Stored dataset items

********************

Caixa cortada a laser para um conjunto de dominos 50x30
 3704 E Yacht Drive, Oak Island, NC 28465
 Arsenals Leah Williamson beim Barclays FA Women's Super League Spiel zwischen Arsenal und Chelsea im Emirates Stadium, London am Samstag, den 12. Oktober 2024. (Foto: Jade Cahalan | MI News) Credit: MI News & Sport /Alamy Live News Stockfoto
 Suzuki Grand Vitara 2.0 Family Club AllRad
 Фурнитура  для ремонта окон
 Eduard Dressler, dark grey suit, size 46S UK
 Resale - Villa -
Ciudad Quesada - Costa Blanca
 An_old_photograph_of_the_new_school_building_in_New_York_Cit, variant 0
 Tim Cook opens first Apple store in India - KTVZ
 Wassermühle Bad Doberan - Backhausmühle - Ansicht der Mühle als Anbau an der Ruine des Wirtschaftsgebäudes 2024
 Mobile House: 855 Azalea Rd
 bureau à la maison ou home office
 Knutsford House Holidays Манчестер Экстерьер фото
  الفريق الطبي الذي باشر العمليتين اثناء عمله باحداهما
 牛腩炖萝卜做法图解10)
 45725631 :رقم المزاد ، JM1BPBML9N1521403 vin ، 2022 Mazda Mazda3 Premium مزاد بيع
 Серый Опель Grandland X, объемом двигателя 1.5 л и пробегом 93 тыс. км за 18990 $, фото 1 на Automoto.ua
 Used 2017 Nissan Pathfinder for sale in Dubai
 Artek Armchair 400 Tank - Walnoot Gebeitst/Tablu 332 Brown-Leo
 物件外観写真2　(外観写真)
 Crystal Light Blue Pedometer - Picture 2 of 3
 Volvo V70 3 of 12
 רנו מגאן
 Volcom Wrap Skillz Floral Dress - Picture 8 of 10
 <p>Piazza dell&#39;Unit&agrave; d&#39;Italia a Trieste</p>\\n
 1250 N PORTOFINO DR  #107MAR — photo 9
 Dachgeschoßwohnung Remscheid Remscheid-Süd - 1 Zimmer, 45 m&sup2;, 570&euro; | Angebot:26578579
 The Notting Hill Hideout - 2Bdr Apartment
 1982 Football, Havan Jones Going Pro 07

********************

Scan the lines above for "Tim Cook opens" and for "Dachgeschoßwohnung Remscheid Remscheid-Süd". Repeat exactly the line holding each of them and every line in between.

 Tim Cook opens first Apple store in India - KTVZ
 Wassermühle Bad Doberan - Backhausmühle - Ansicht der Mühle als Anbau an der Ruine des Wirtschaftsgebäudes 2024
 Mobile House: 855 Azalea Rd
 bureau à la maison ou home office
 Knutsford House Holidays Манчестер Экстерьер фото
  الفريق الطبي الذي باشر العمليتين اثناء عمله باحداهما
 牛腩炖萝卜做法图解10)
 45725631 :رقم المزاد ، JM1BPBML9N1521403 vin ، 2022 Mazda Mazda3 Premium مزاد بيع
 Серый Опель Grandland X, объемом двигателя 1.5 л и пробегом 93 тыс. км за 18990 $, фото 1 на Automoto.ua
 Used 2017 Nissan Pathfinder for sale in Dubai
 Artek Armchair 400 Tank - Walnoot Gebeitst/Tablu 332 Brown-Leo
 物件外観写真2　(外観写真)
 Crystal Light Blue Pedometer - Picture 2 of 3
 Volvo V70 3 of 12
 רנו מגאן
 Volcom Wrap Skillz Floral Dress - Picture 8 of 10
 <p>Piazza dell&#39;Unit&agrave; d&#39;Italia a Trieste</p>\\n
 1250 N PORTOFINO DR  #107MAR — photo 9
 Dachgeschoßwohnung Remscheid Remscheid-Süd - 1 Zimmer, 45 m&sup2;, 570&euro; | Angebot:26578579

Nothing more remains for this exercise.